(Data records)
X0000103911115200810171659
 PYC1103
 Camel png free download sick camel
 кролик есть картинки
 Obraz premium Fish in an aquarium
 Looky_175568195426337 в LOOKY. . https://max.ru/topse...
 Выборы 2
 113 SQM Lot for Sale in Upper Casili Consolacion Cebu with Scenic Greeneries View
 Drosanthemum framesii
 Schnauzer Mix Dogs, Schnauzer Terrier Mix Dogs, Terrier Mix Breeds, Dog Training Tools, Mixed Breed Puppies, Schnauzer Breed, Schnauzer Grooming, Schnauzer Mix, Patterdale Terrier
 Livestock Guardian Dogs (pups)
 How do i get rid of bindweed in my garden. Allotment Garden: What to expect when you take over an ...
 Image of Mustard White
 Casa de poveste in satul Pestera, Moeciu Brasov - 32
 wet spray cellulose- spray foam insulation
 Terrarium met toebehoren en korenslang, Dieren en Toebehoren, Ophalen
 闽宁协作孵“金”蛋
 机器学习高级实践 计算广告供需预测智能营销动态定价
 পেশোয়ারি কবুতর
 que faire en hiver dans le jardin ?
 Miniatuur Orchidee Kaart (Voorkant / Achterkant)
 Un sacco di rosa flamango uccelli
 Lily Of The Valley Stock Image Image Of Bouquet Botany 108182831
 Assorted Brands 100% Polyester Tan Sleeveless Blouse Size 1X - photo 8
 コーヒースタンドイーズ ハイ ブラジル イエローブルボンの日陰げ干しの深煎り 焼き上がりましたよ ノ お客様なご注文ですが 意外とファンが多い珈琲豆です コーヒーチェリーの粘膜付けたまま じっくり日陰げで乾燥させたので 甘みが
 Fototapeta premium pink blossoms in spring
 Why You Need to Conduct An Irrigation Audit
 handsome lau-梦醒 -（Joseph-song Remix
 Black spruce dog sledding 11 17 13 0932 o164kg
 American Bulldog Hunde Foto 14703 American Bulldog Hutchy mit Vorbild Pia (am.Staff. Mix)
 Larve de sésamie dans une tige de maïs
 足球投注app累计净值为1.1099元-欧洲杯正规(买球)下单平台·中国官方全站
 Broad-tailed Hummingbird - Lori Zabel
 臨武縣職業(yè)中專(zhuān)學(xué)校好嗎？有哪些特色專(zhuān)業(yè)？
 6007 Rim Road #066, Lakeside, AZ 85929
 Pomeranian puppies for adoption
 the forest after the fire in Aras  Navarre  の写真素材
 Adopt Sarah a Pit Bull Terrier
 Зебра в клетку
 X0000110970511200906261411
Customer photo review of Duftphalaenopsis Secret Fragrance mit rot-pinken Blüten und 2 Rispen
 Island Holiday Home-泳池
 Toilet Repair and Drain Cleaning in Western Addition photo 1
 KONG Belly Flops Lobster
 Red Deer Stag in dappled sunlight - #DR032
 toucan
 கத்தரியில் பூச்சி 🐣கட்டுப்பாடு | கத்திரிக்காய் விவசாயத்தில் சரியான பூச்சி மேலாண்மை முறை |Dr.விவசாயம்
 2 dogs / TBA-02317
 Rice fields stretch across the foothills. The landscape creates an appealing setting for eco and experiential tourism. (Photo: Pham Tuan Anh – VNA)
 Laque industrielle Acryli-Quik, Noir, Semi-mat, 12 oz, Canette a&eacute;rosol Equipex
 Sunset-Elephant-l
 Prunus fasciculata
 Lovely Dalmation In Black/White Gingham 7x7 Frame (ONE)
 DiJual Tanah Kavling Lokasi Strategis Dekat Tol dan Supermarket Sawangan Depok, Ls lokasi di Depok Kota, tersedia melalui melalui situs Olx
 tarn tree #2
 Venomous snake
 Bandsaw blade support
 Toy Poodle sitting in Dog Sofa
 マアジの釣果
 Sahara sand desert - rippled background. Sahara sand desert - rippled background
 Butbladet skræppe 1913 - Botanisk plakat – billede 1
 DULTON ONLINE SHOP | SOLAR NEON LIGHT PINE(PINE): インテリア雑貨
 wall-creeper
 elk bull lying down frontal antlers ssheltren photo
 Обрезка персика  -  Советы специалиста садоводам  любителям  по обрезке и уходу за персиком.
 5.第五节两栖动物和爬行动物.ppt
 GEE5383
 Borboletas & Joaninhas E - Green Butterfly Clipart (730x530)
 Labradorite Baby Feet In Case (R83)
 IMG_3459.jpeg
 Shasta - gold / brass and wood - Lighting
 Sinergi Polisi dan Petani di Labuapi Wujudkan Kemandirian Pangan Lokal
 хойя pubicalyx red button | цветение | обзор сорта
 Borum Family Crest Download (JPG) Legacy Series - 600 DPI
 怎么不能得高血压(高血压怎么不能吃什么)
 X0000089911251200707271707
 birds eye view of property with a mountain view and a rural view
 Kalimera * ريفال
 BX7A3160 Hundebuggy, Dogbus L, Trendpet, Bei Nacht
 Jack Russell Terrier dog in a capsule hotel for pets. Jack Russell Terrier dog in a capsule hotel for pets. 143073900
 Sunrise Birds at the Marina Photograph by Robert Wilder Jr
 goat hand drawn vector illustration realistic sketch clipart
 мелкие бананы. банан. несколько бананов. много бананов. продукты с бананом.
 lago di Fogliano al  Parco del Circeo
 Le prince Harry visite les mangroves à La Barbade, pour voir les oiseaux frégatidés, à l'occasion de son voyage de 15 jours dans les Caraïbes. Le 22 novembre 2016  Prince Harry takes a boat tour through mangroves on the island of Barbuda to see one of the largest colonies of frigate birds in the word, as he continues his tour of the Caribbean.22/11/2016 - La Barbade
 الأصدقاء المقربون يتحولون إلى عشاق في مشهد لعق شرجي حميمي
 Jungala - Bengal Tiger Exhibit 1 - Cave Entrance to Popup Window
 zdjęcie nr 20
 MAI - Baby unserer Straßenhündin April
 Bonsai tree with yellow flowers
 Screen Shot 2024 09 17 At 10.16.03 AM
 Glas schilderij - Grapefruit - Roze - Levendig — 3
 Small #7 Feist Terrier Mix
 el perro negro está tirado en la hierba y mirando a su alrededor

Your task -
Return every line from the entries that holds the string "Terrier".

Reply to the task -
 Schnauzer Mix Dogs, Schnauzer Terrier Mix Dogs, Terrier Mix Breeds, Dog Training Tools, Mixed Breed Puppies, Schnauzer Breed, Schnauzer Grooming, Schnauzer Mix, Patterdale Terrier
 Adopt Sarah a Pit Bull Terrier
 Jack Russell Terrier dog in a capsule hotel for pets. Jack Russell Terrier dog in a capsule hotel for pets. 143073900
 Small #7 Feist Terrier Mix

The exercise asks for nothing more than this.